In 2017, the late Hall of Fame number two Joe Morgan sent a letter to voting members of the Baseball Writers Association of America, urging the group not to elect players linked to performance-enhancing drug use.
“Steroid users don’t belong here,” Morgan wrote. “Players who have failed drug tests, admitted to using steroids, or have been identified as users in a Major League Baseball doping investigation, otherwise known as the Mitchell Report, should not be inducted.
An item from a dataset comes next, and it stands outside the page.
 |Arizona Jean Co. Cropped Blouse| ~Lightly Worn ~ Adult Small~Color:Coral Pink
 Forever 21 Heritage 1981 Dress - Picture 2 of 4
Those are the three criteria that many (Hall of Fame) players believe They’re right.”
Morgan, who died in 2020, also wrote in the letter that if Cooperstown doping users were elected, those already inducted into the Hall of Fame would skip induction ceremonies altogether, rather than share a stage with a drug cheat.
Predictably, Morgan’s letter drew criticism from all corners of baseball after it became public, with several writers weeping at the hypocrisy and referring to an era in which Morgan was playing the scourge of “greens”—or steroids—club clubs.
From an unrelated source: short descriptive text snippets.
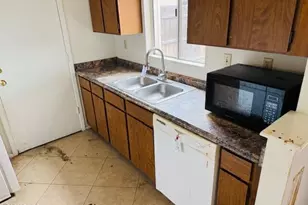 4044 E Carson Rd, Phoenix, AZ 85042 - Photo 10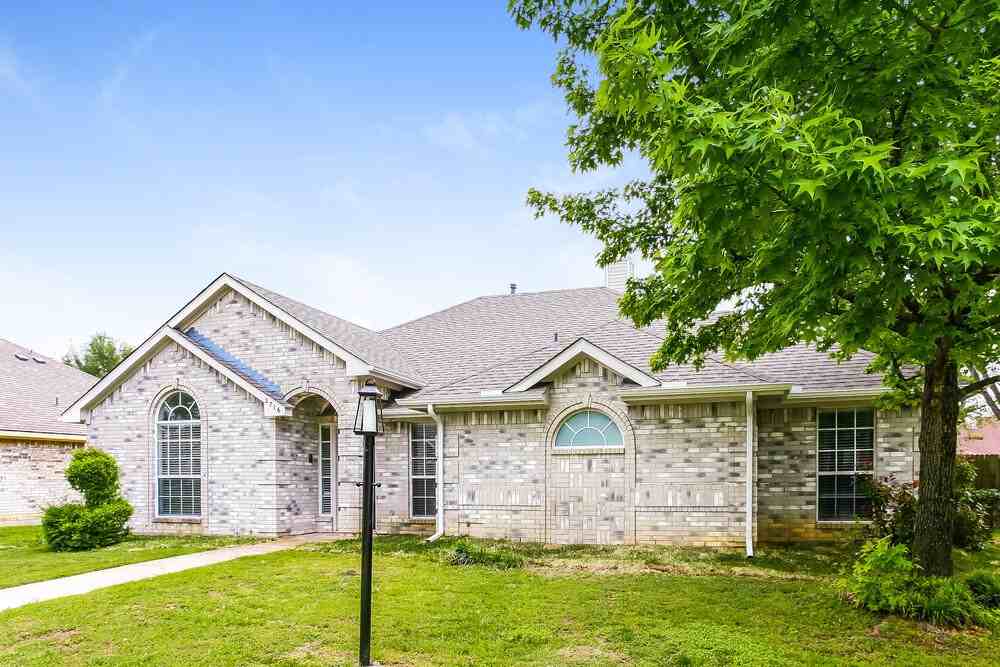 2716 Wild Grove Ln - Photo 3 of 16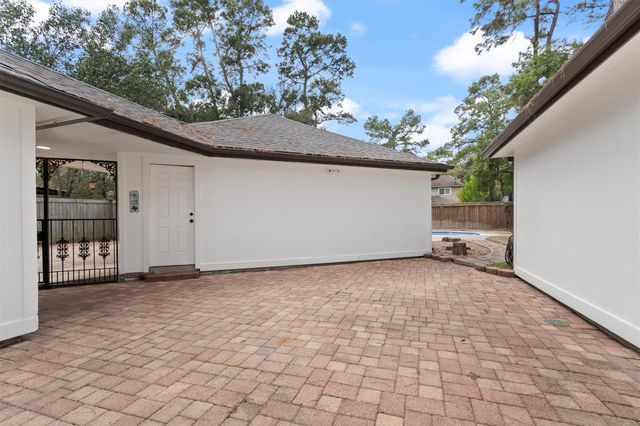 17407 Fairway Oaks Drive, Spring, TX 77379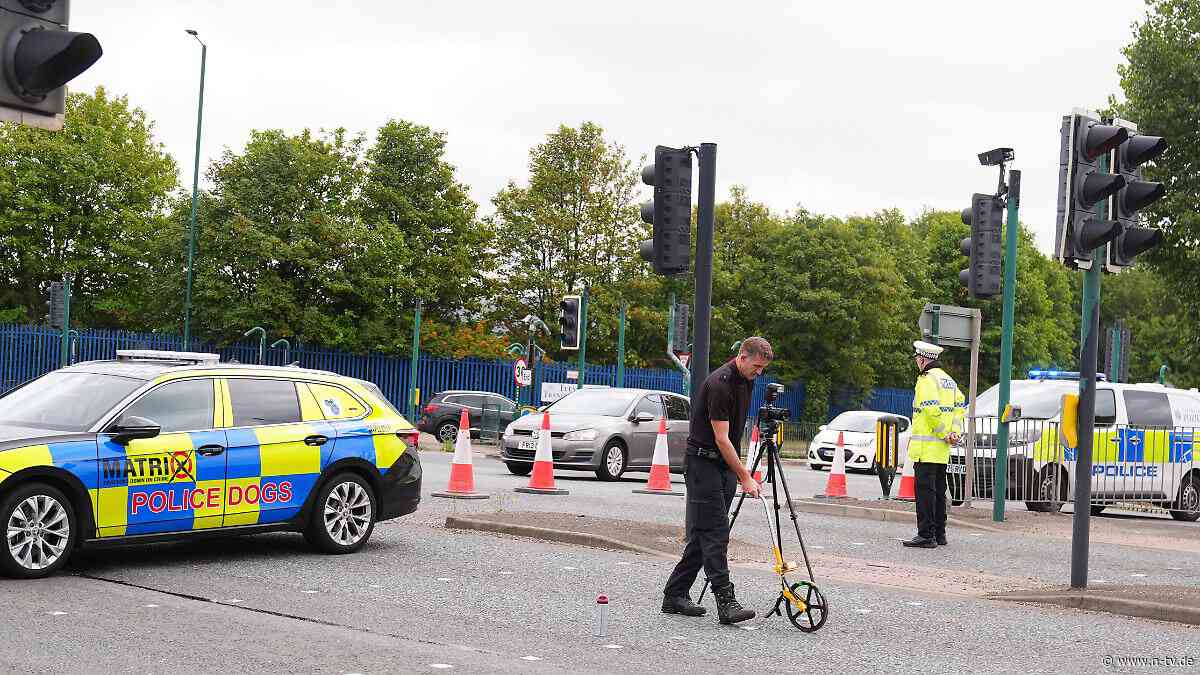 Polizei beteiligt: Schwerer Unfall bei Verfolgungsjagd in England fordert mehrere Tote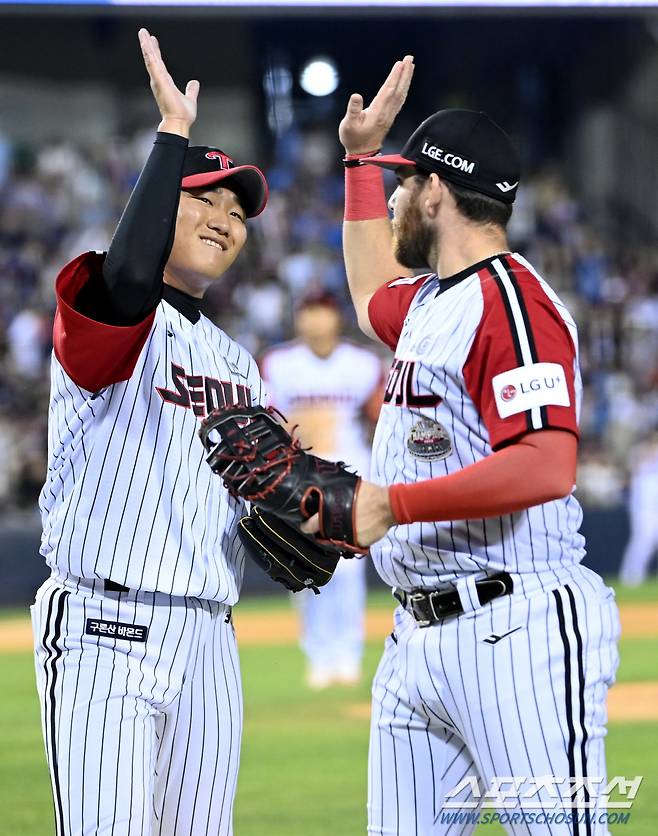 16일 잠실야구장에서 열린 롯데와 LG의 경기, 9회초 투구를 무실점으로 마친 LG 김영준이 오스틴의 환영을 받고 있다. 잠실=허상욱 기자wook@sportschosun.com/2024.06.16/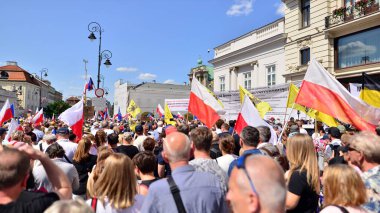 Varşova, Polonya. 4 Haziran 2023. Yüz binlerce insan demokrasiye destek vermek için hükümet karşıtı protesto yürüyüşü yapıyor. Muhalefetin büyük yürüyüşü sırasında insanların spontane tepkisi.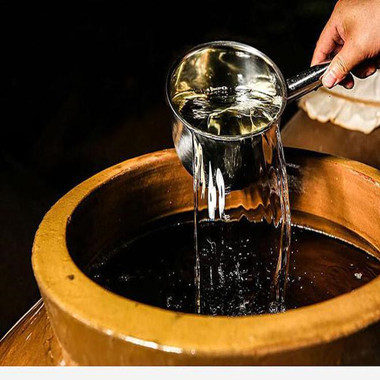 茅公坊大讲堂：今年冬季冷得早，为什么酱酒适合冬天喝？有什么好处？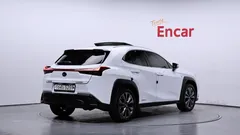 2022 Lexus UX 2.0 F-Sport 2WD, белый — фото 2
And what if a steroid/PED user has already been entered?
Even Morgan’s fellow Hall of Famer and baseball contemporary, the late Willie McCovey, objected to Morgan being his “best friend” in San Francisco Chronicle story. McCovey defended his home-run King Barry Bonds, who is linked to doping and PEDs through his connection to the federal BALCO doping trafficking case.
“That letter that Morgan wrote is definitely not going to help Barry,” McCovey said Chronicle, referring to Bonds’ Hall of Fame nomination. “But I’m glad to hear a lot of the writers say the letter won’t affect their vote because I know a lot of it is aimed at him. I wasn’t too happy about that. You’re naive if you don’t think it was aimed at Barry.”
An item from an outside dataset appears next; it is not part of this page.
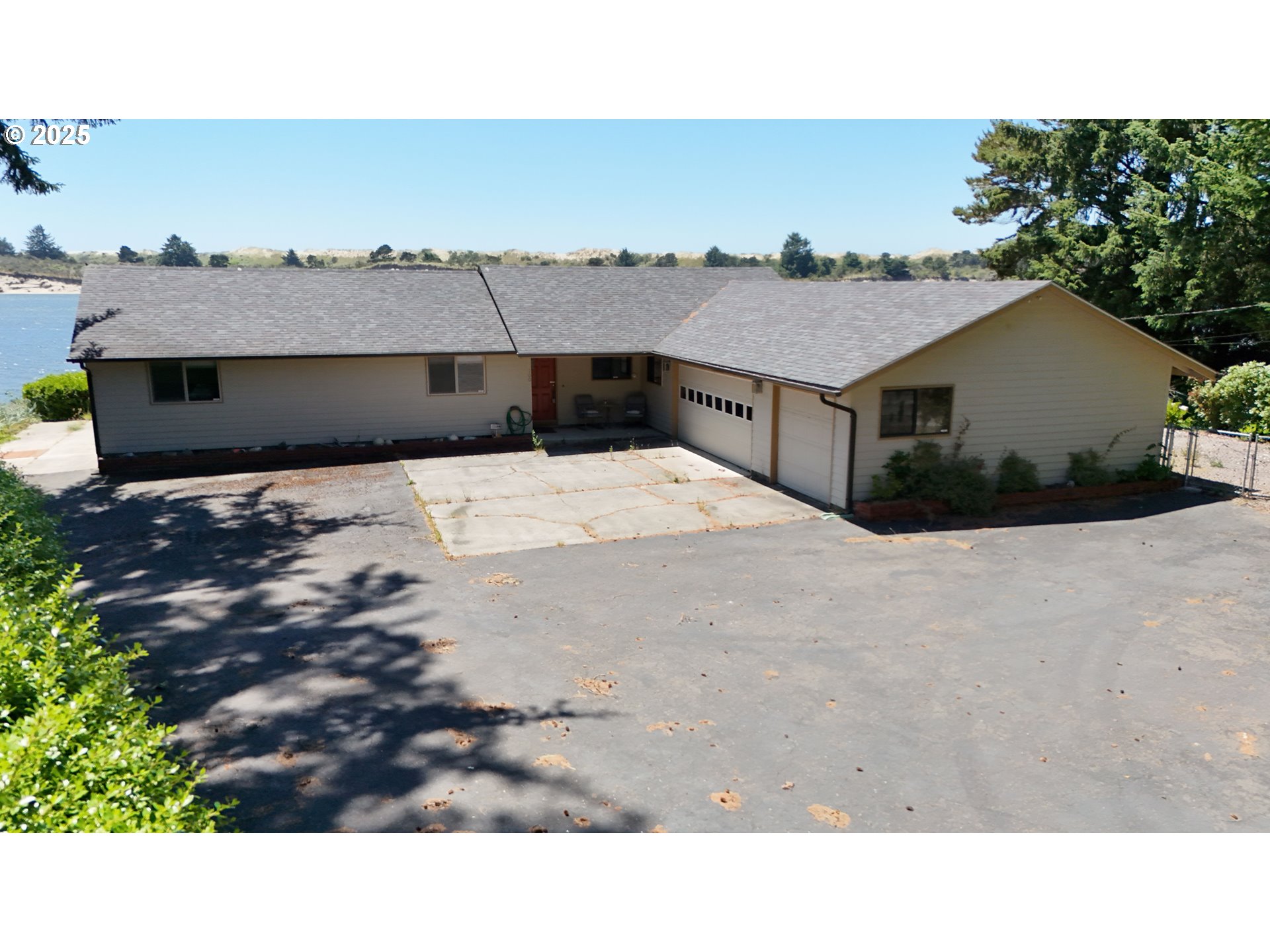 100 RHODODENDRON DR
But nearly six years after Morgan’s letter was sent, the results of the BBWAA vote for PED-tainted candidates have, for the most part, gone in favor of Morgan’s wishes. Last year, Bonds and Roger Clemens – two of the leading players associated with the steroid era – fell short of the 75% threshold required for election. It was the men’s tenth and final appearance on the BBWAA ballot.
The Contemporary Era panel — made up of Hall of Famers, CEOs, and veteran writers — also rejected Bonds, Clemens, and Rafael Palmeiro (who failed a drug test in 2005) when the panel voted on eight nominees last fall. Only Fred McGriff was elected to Cooperstown from a group that also included Don Mattingly, Curt Schilling, Albert Bell and Dale Murphy.
The latest sign that doping in baseball is still a factor in the decision making of BBWAA members is the 2023 Hall of Fame results. Alex Rodriguez and Manny Ramirez—the first to serve a season-long PED ban and the other to fail drug tests twice during his playing career—both finished with 35.7% and 33.2% of the vote, respectively.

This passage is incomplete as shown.